Edited by Muna Lee de Muñoz Marín, this issue of the newsletter, Art in Review, discusses the exhibitions organized and the works acquired by Walter Dehner (New York, 1898–California, 1955), the director of art at the Universidad de Puerto Rico at that time. This issue, which was published in 1937, offers an early view of the art and cultural scene in Puerto Rico. These mostly little-known documents also illustrate the importance of the Universidad de Puerto Rico as the primary venue for the first exhibitions held on the island. Related documents include the title page of this issue of Art in Review (doc. No. 823185), “Other Gifts to the Art Collection of the University of Puerto Rico” (doc. No. 824943) and “Catálogo de pinturas de la Colección Degetau con notas de apreciación artística e histórica” (doc. No. 823403).

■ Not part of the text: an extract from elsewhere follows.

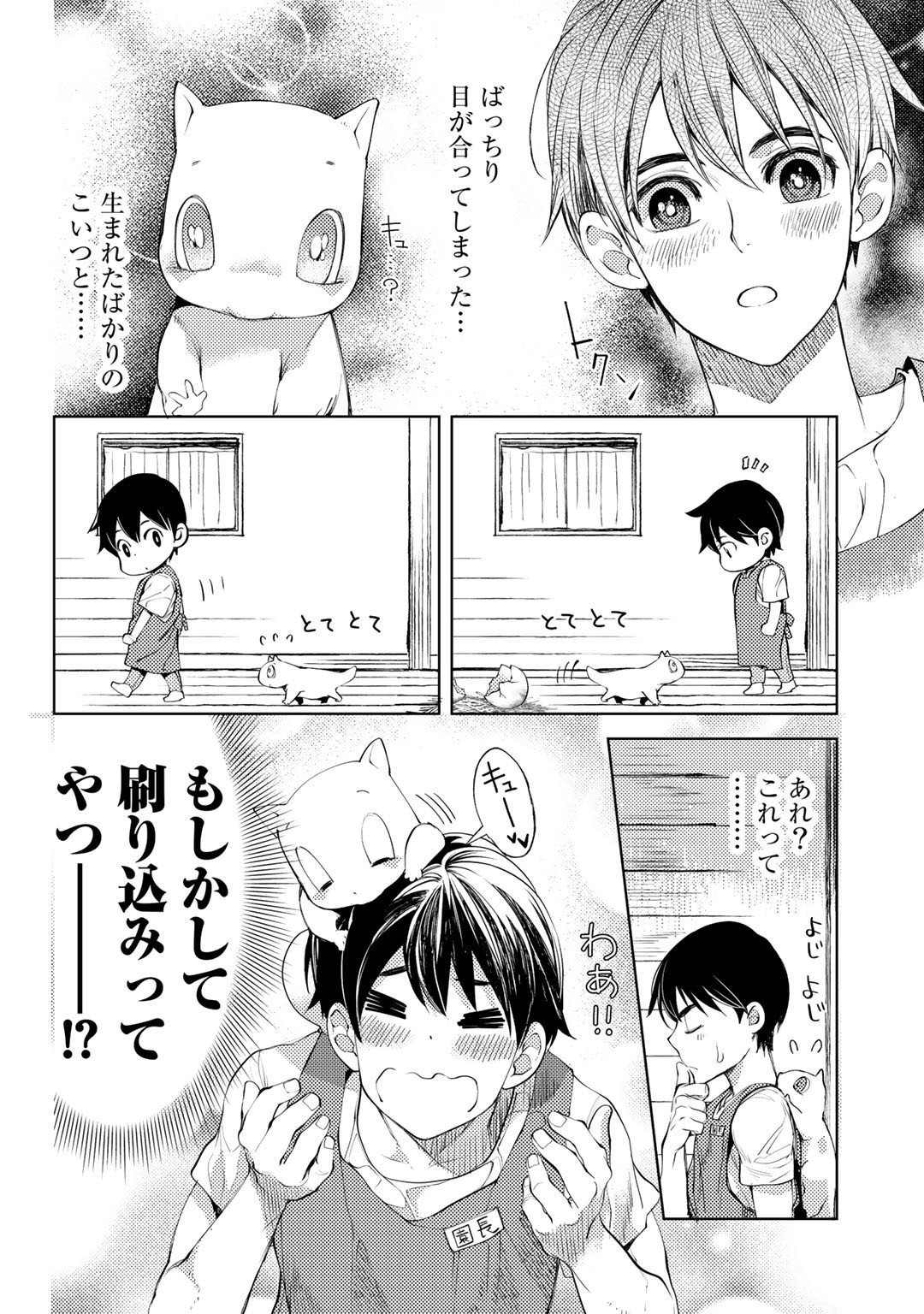 おっさんのリメイク冒険日記～オートキャンプから始まる異世界満喫ライフ～ 第30話 - Page 4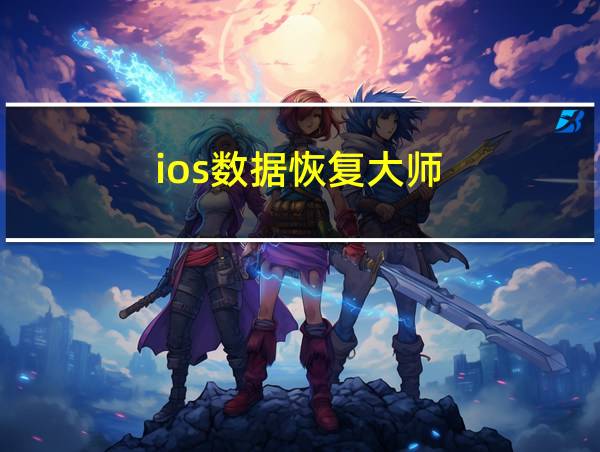 ios数据恢复大师的相关图片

Muna Lee (Raymond, Mississippi, 1895–San Juan, Puerto Rico 1965) was an educator, translator, and writer of poems, stories, and novels. The United States Secret Service recruited her as a translator during the First World War, stationing her in New York. In 1919, she met Luis Muñoz Marín, governor of Puerto Rico from 1949 to 1965, to whom she was married for twenty-seven years. Lee was the source of moral and economic support for her husband throughout a tumultuous marriage that ultimately ended in divorce after a number of separations. Muna Lee was the chair of the advertising department at the Universidad de Puerto Rico from 1927 until 1946, when she resigned. At that time, she was on unpaid leave while working in Washington, DC. Muna Lee was a close friend of feminist journalist Ruby Black, who gave Muñoz Marín direct access to the Franklin D. Roosevelt administration. Lee worked at the Latin American Bureau of the State Department, and served as a specialist on Puerto Rico under presidents Harry S. Truman (1945–52), Dwight D. Eisenhower (1952–60) and John F. Kennedy (1960–63).